▸ EXERCISE GOAL:
Beginning with the line that holds "A framed Coca-Cola", copy each line to the end of the records exactly, except the pictures.

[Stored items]
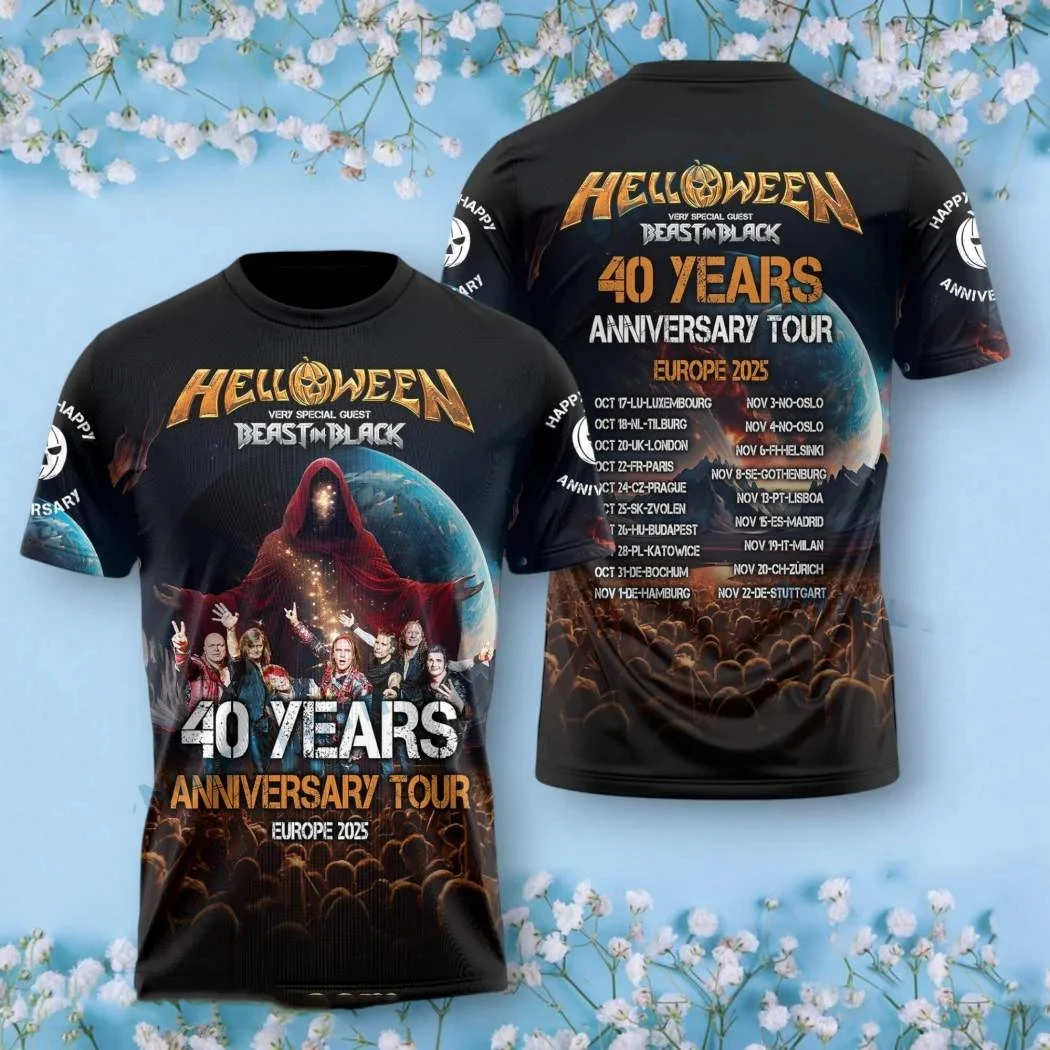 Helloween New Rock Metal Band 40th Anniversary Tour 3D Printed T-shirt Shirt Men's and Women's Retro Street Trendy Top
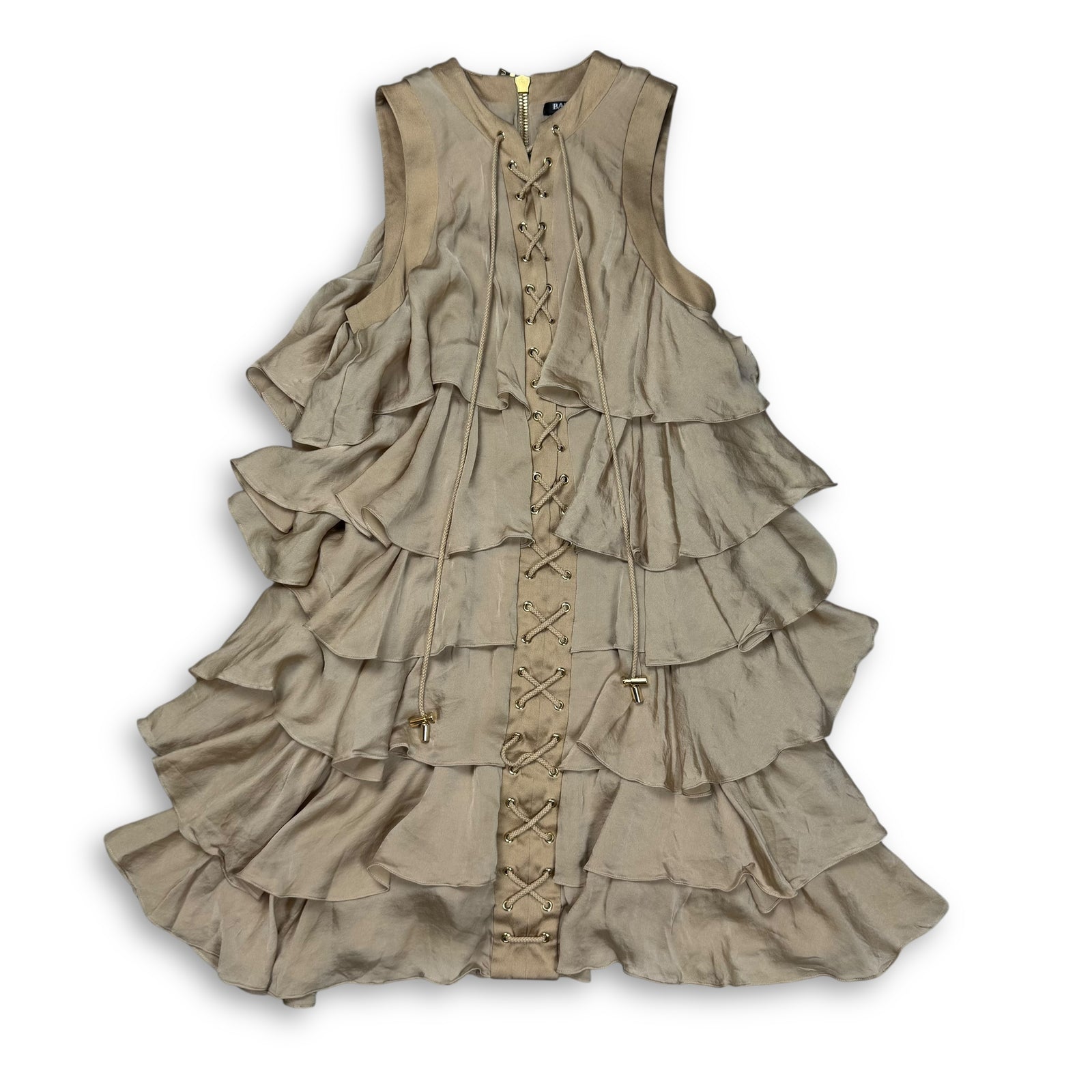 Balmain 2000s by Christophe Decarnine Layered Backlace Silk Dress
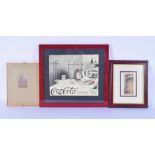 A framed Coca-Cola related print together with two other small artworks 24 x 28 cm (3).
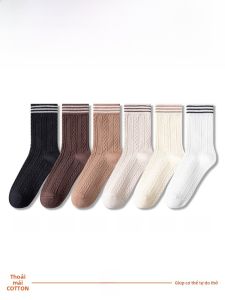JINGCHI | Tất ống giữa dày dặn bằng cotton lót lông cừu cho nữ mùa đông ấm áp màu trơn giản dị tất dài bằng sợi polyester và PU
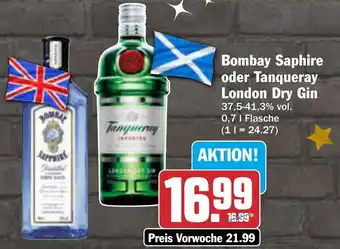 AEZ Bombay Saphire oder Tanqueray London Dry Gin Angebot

▸ WRITTEN ANSWER:
 A framed Coca-Cola related print together with two other small artworks 24 x 28 cm (3).
JINGCHI | Tất ống giữa dày dặn bằng cotton lót lông cừu cho nữ mùa đông ấm áp màu trơn giản dị tất dài bằng sợi polyester và PU
 AEZ Bombay Saphire oder Tanqueray London Dry Gin Angebot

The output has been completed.